城のある風景 - 開国の大老を偲ぶ天守閣
彦根市は古くから開けた滋賀県東部の中心都市ですが、かつて明治の薩長藩閥政府からは、国賊の町として卑しめられたといいます。安政年間、強い指導力を発揮した大老・井伊直弼は、彦根藩主でもありました。
直弼が、大老として幕閣の最上位に列したのは、1858(安政5)年4月のことでした。その後、彼の強力なリーダーシップで日米修好通商条約が結ばれます。直弼を問責した水戸の徳川斉昭は謹慎を命ぜられ、その後、オランダ、ロシア、イギリス、フランスとの間で同じような条約が結ばれて、日本は開国の途を歩み出します。

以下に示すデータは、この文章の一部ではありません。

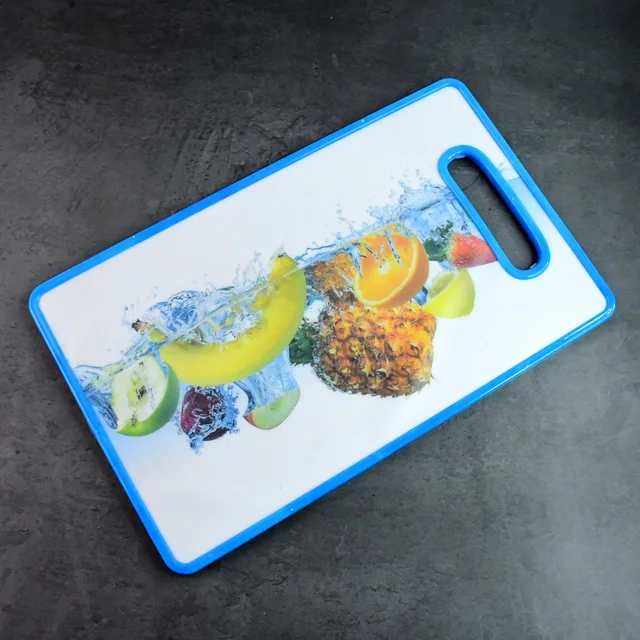 Fruit Print Cutting Board – Large 36x22 cm Kitchen Chopping Board
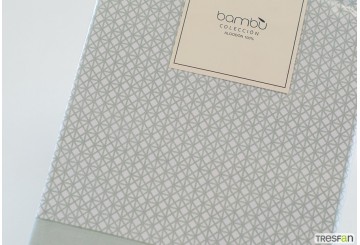 J.Sábana 100% Algodón Estampada 30/27 BAMBÙ Bianco verde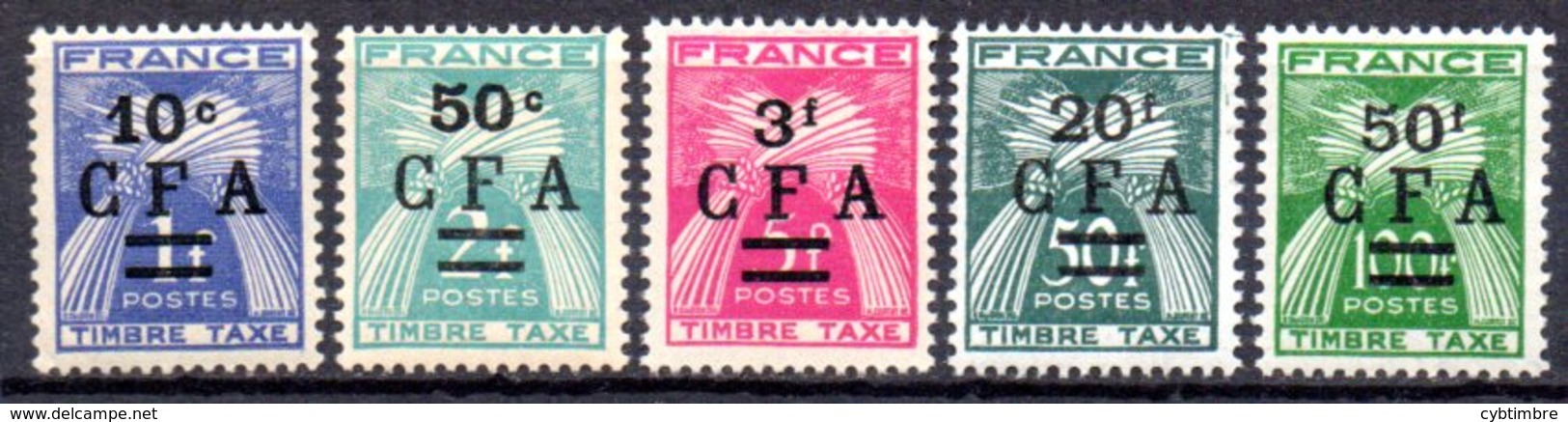 Réunion: Yvert N° Taxe 36/44**: MNH; 4 Valeurs - Postage Due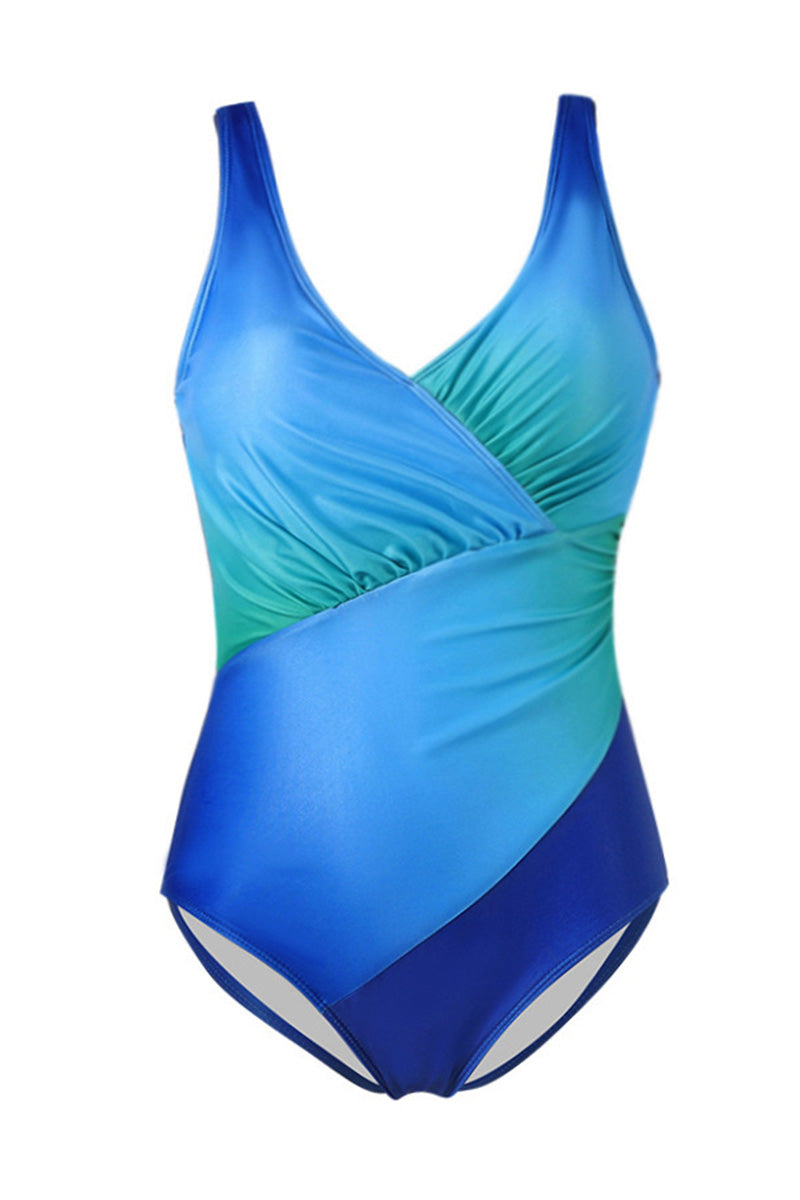 Wrap-Around One-Piece Swimsuit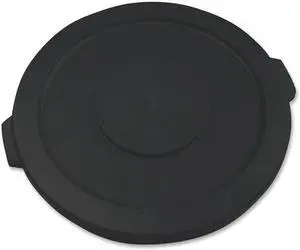 RUBBERMAID 1867532 Brute Trash Can Top,Flat,Snap-On Closure,Black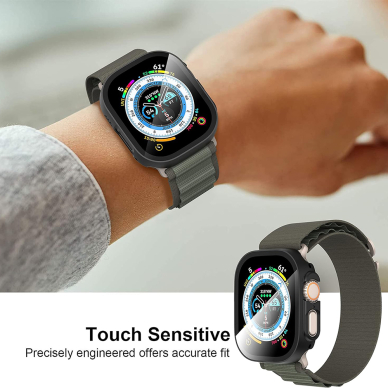 [Užsakomoji prekė] Dėklas Apple Watch Ultra / Ultra 2 + Pouch - Techsuit Defense360 Pro - Juodas 4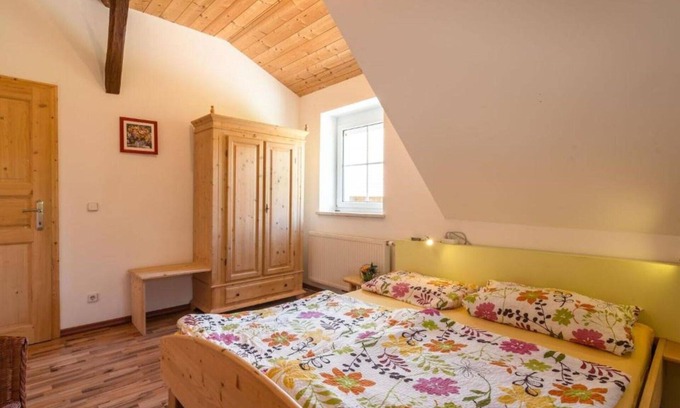 Rupertiberg Apartment | Cosy apartment for 8 guests with WIFI, pool, TV, patio and pets allowed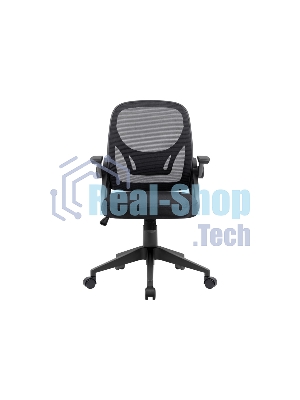 Кресло Defender Office черный, сетка, 120 кг, регулируемые подлокотники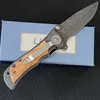 Damascus Liome 339 Tactical Folding Knife Outdoor Camping Hunting Knives Defense Pocket Portable EDC Tool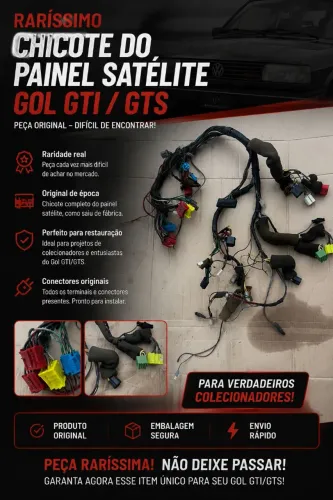 RARÍSSIMO - Chicote do Painel Satélite Gol GTI/GTS Original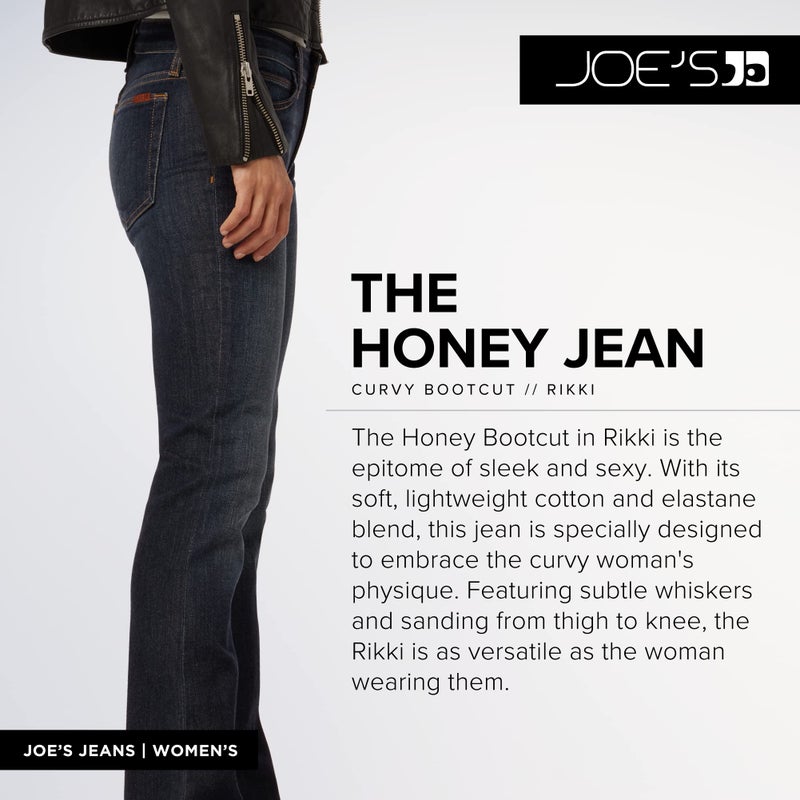 Joe's Jeans Women's The Hi Honey High Rise Bootcut Jean, Rikki, 31W x 34L - Image 3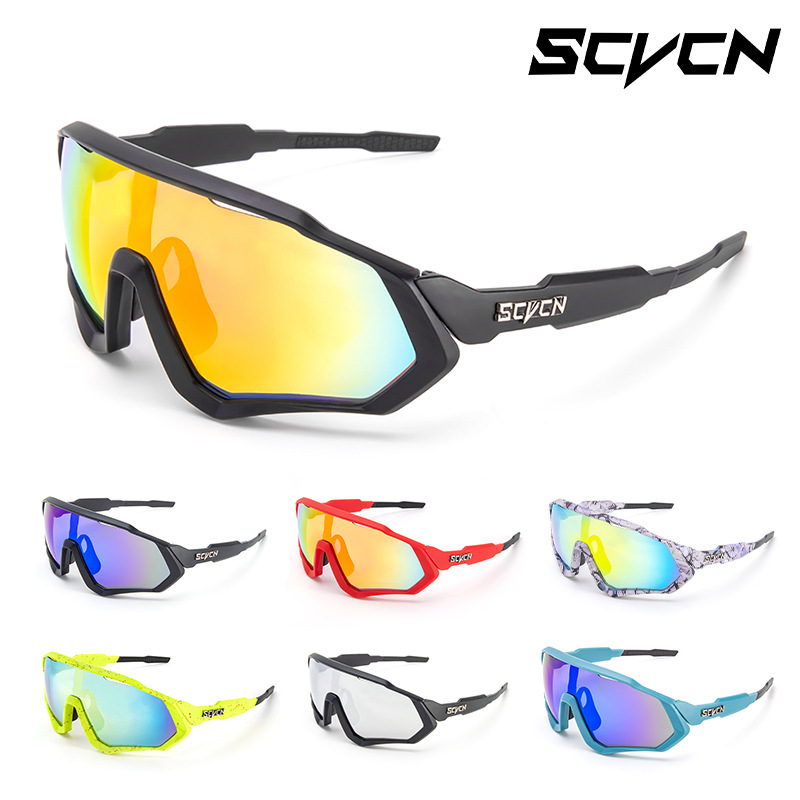 Picture of Foreign trade sunglasses men and women riding glasses outdoor sports glasses bicycle dustproof sunglasses soft nose pad wholesale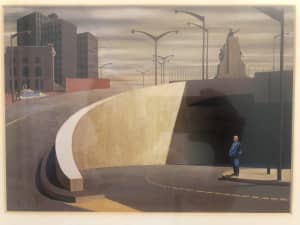 Framed print - Jeffrey Smart’s “The Cahill Expressway “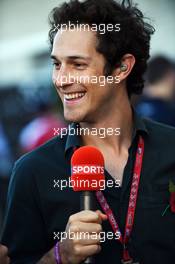 Bruno Senna (BRA) Sky Sports Presenter. 31.10.2014. Formula 1 World Championship, Rd 17, United States Grand Prix, Austin, Texas, USA, Practice Day.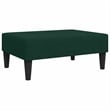 Bowery Hill Contemporary 2 Piece Sofa Set in Dark Green Velvet
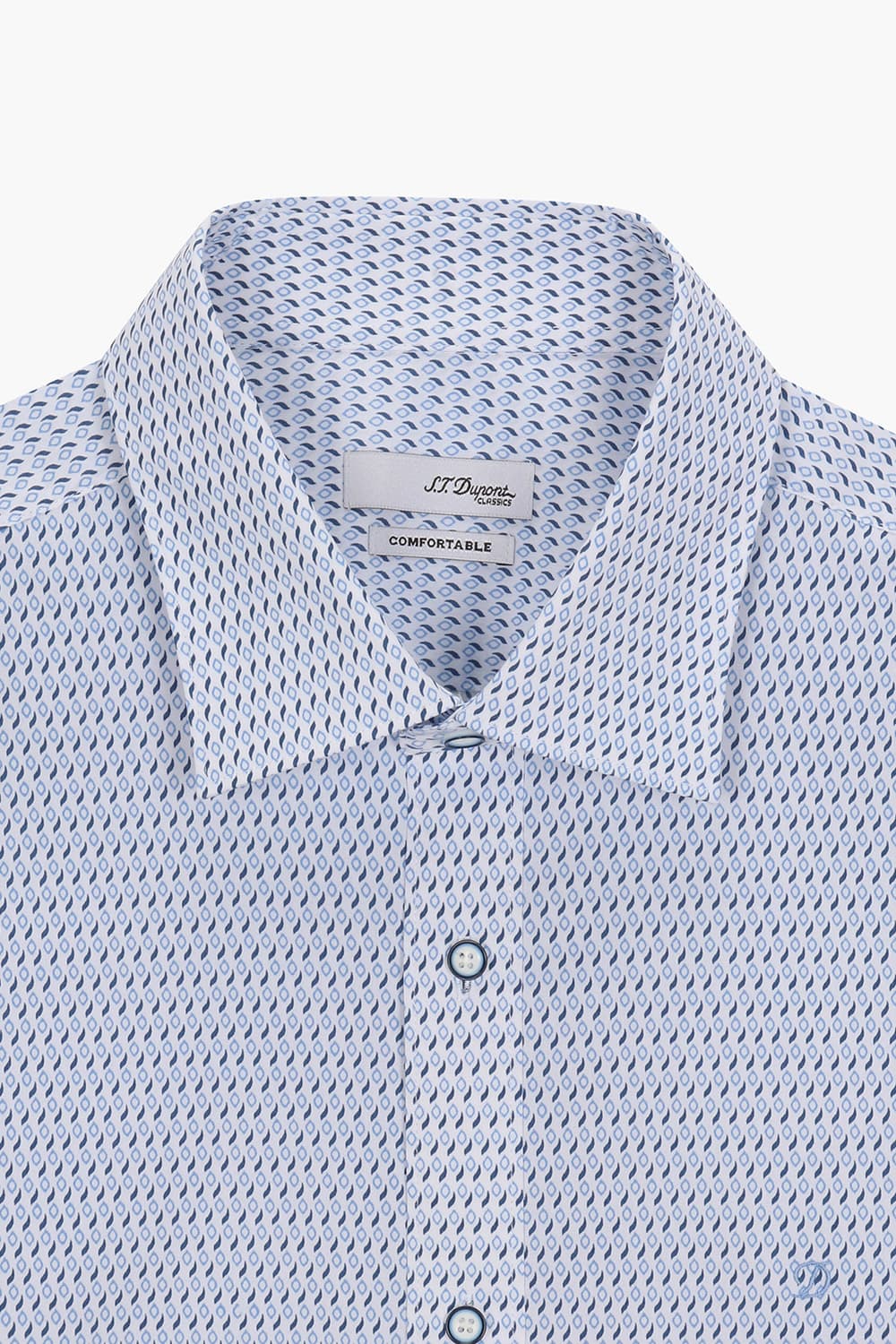 [패밀리세일] 스트레치 프린트 769 컴포터블 셔츠 블루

尊皇攘夷派に対する大弾圧が始まったのは、その直後のことでした。
井伊家が居城としていた彦根城は、もともと、京都の抑えとして幕府が重要視した拠点でした。城の工事は、1603(慶長8)年から始まり、06年には高さ約24mの3層の天守閣が完成しました。上が狭く、下が曲線状に広がる花頭窓を持った、破風白壁の優美な天守でした。
築城に当たっては、周辺の寺院跡や古城から石が運ばれ、大津城や小谷城、長浜城を壊して用材が持ち込まれました。重要拠点づくりということで、7カ国12大名が協力して普請に当たったといいます。
城域およそ250万平方mに及ぶ工事は、ほぼ20年の歳月をかけて行われ、広い三重の堀、堅牢な高い石垣を誇る彦根城が完成、徳川譜代大名の筆頭井伊氏が治めることとなります。
直弼は、1850(嘉永3)年、病弱で死亡した兄の後を継いで、13代藩主となりましたが、運命の歯車が別に回っていたら、外濠のほとりの埋木舎で、静かな生涯を送ったのかもしれません。しかし、時代はこの人を求めたのでしょう。1860(万延元)年3月、直弼は水戸藩士に襲われ、雪を血に染め、逝きました。まだ46歳でした。
※実は、彦根城の築城には、我が家の先祖も関わっています。徳川四天王の筆頭・井伊直政の従兄弟であった、先祖の鈴木重好は、直政の死後、徳川家康から命じられ、家督を継いだ井伊直継の補佐に当たります。そして、1603(慶長8)年、征夷大将軍となった家康の命により、直継が西国に対する防衛拠点として彦根城を築城。その総元締めを、付家老であった重好と木俣守勝が務めました。